- _About this task_:
Using the data that follows, give again word for word the lines between the one holding "Prettymelvi live cam on BongaCams" and the one holding "Rails Womeny Washed", inclusive. Omit the pictures.

- _Dataset excerpts_:
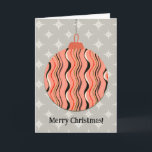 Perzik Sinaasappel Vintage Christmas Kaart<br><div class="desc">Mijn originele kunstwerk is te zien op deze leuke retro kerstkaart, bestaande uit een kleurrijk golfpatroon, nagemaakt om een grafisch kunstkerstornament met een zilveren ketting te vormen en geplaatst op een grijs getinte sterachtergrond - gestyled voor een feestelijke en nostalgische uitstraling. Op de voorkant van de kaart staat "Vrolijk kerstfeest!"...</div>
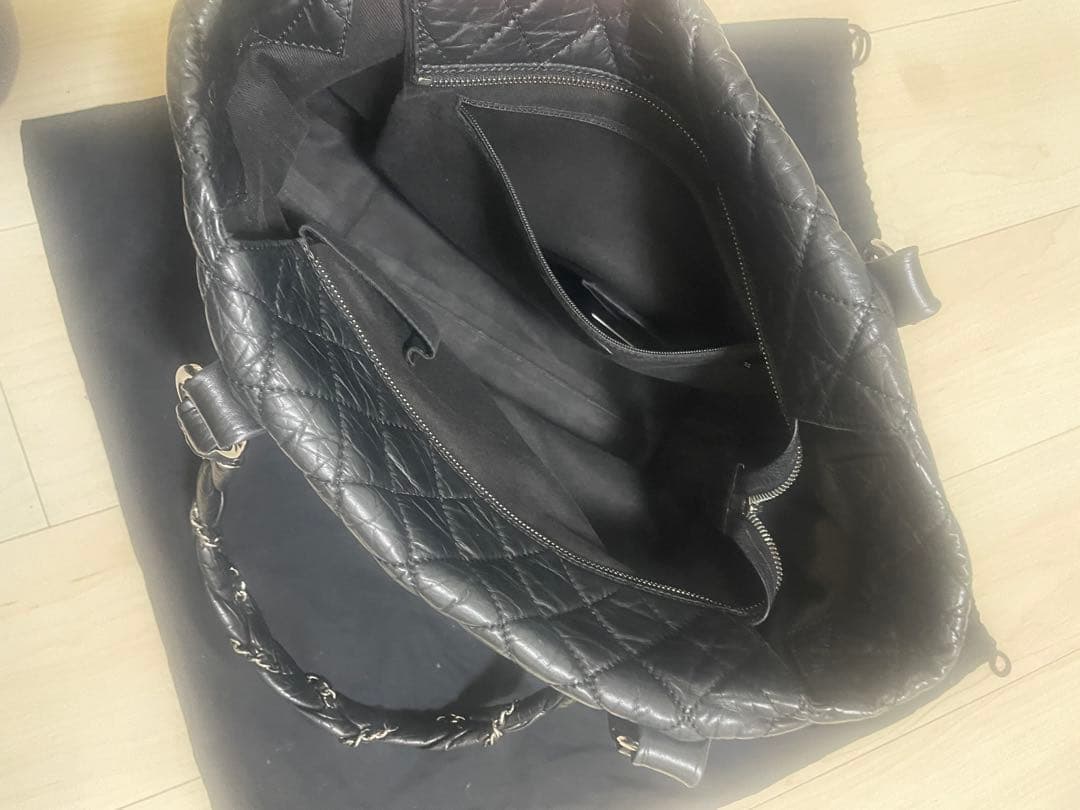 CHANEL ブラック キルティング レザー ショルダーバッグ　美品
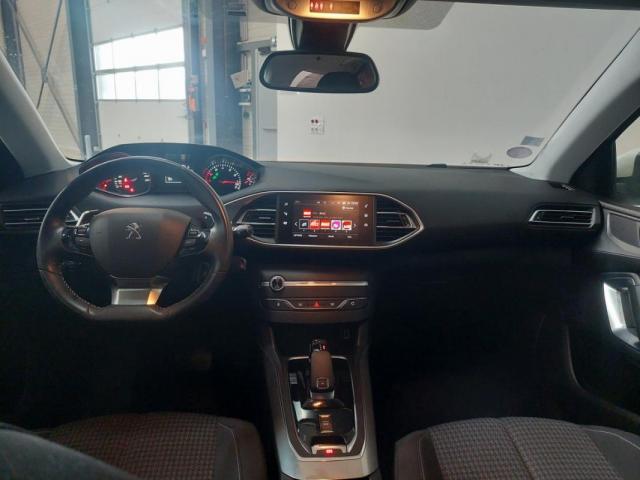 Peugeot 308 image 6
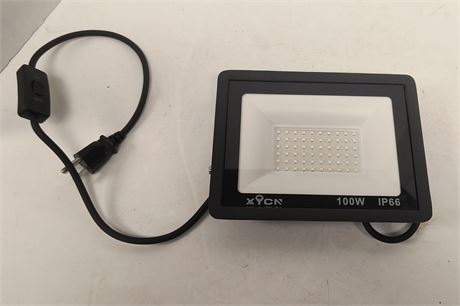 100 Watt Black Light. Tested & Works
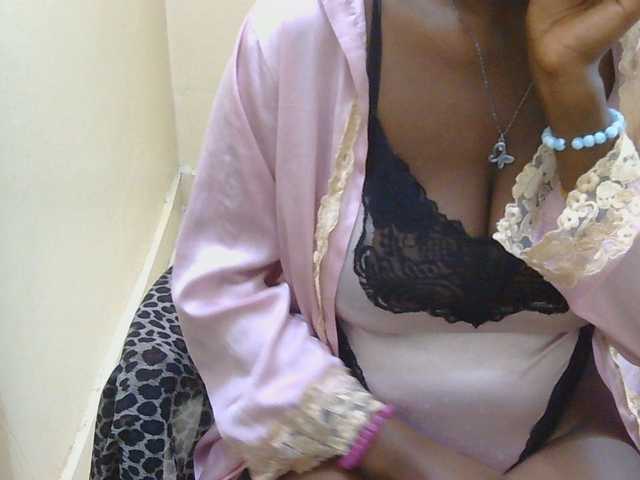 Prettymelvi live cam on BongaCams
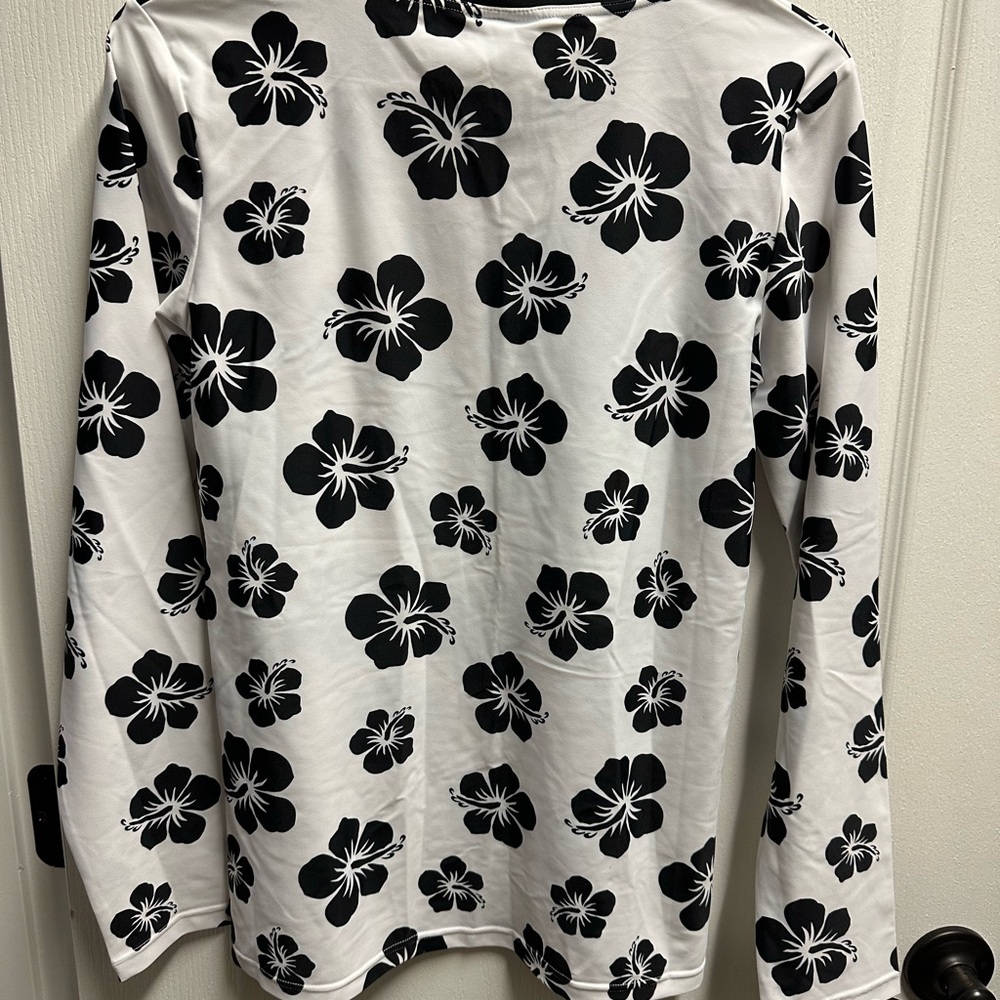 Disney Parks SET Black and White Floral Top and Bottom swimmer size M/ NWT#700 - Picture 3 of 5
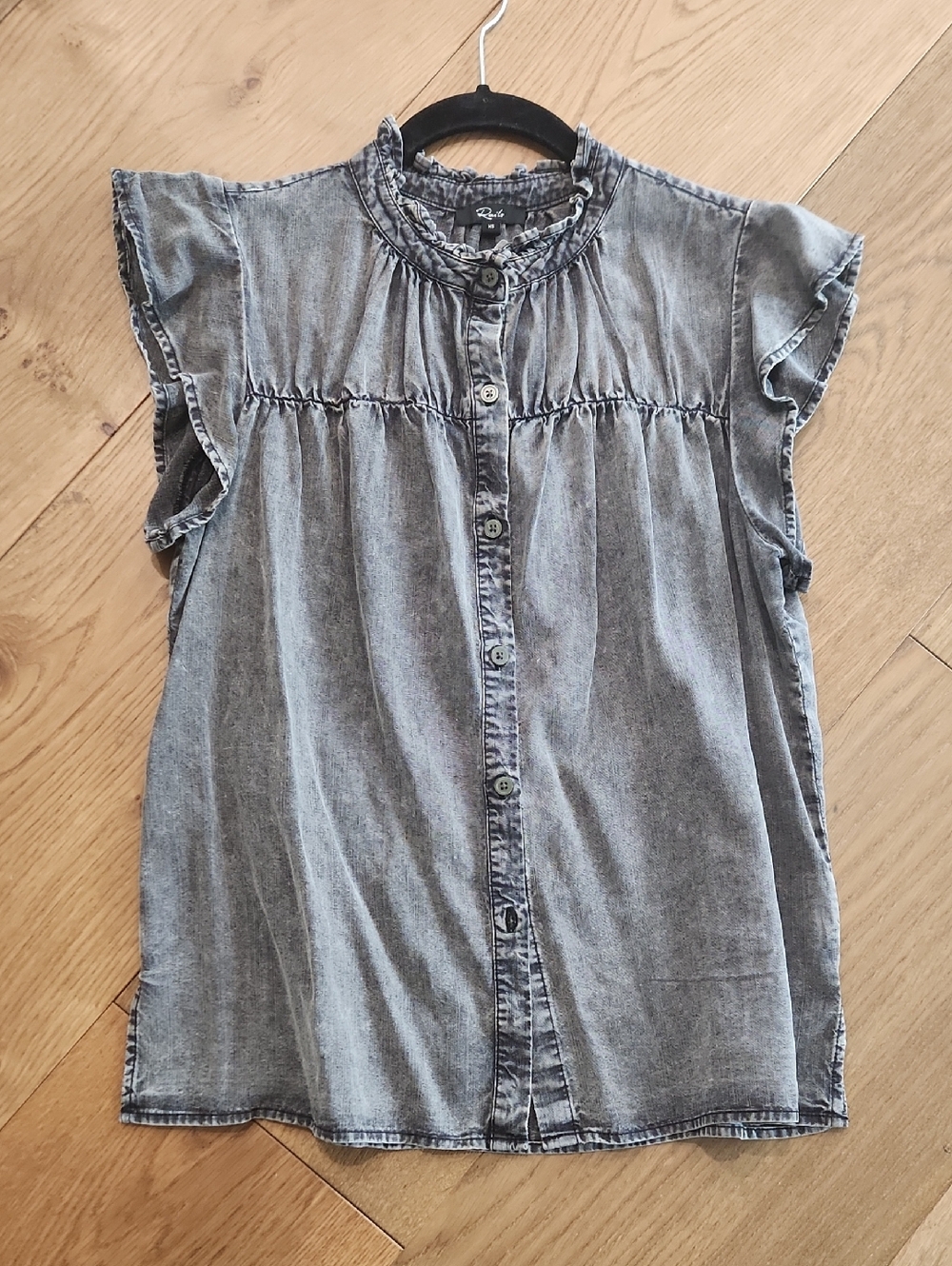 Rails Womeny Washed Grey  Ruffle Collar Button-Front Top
--
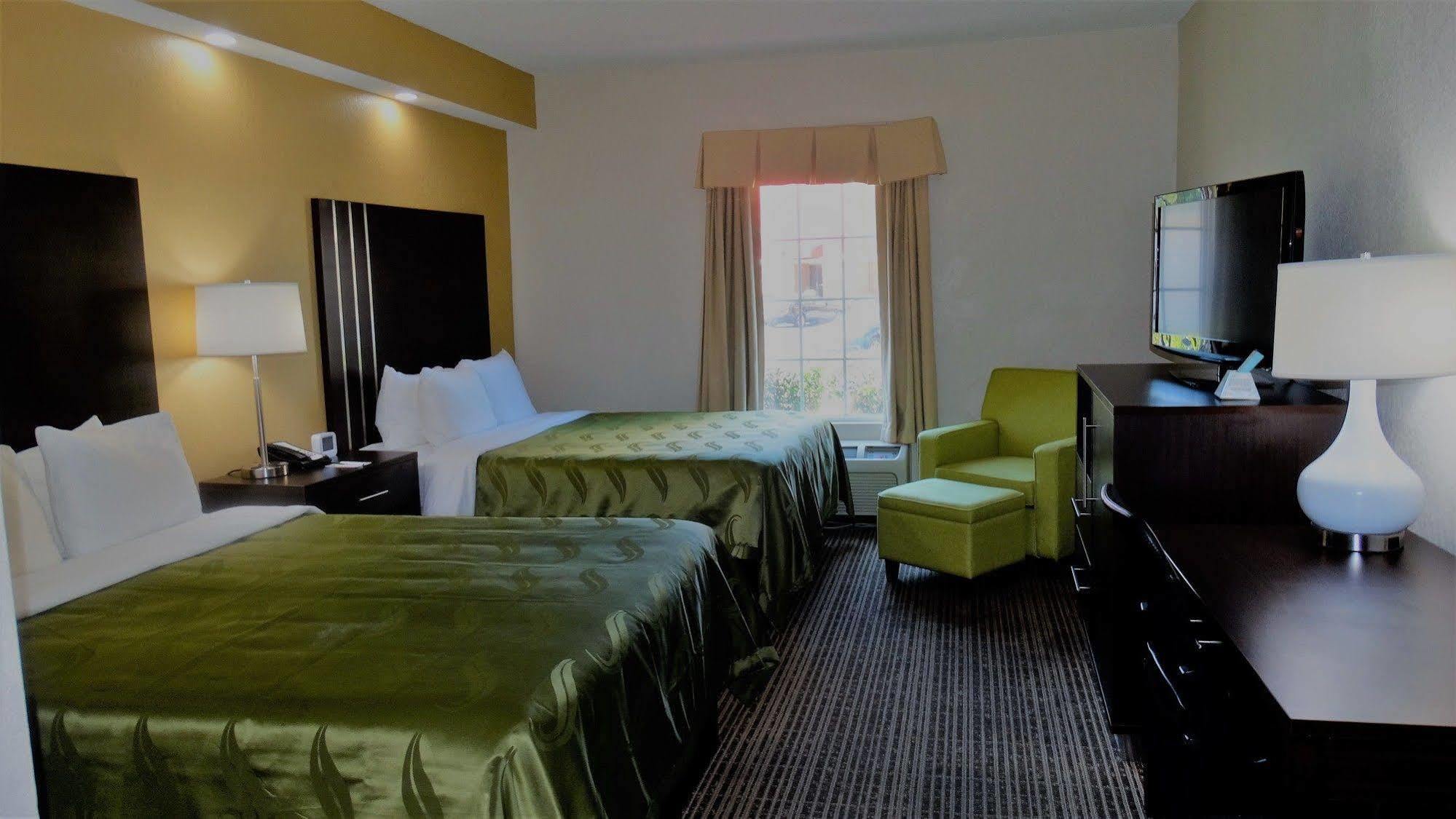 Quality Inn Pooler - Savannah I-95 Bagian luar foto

- _Worked solution_:
 Prettymelvi live cam on BongaCams
 Disney Parks SET Black and White Floral Top and Bottom swimmer size M/ NWT#700 - Picture 3 of 5
 Rails Womeny Washed Grey  Ruffle Collar Button-Front Top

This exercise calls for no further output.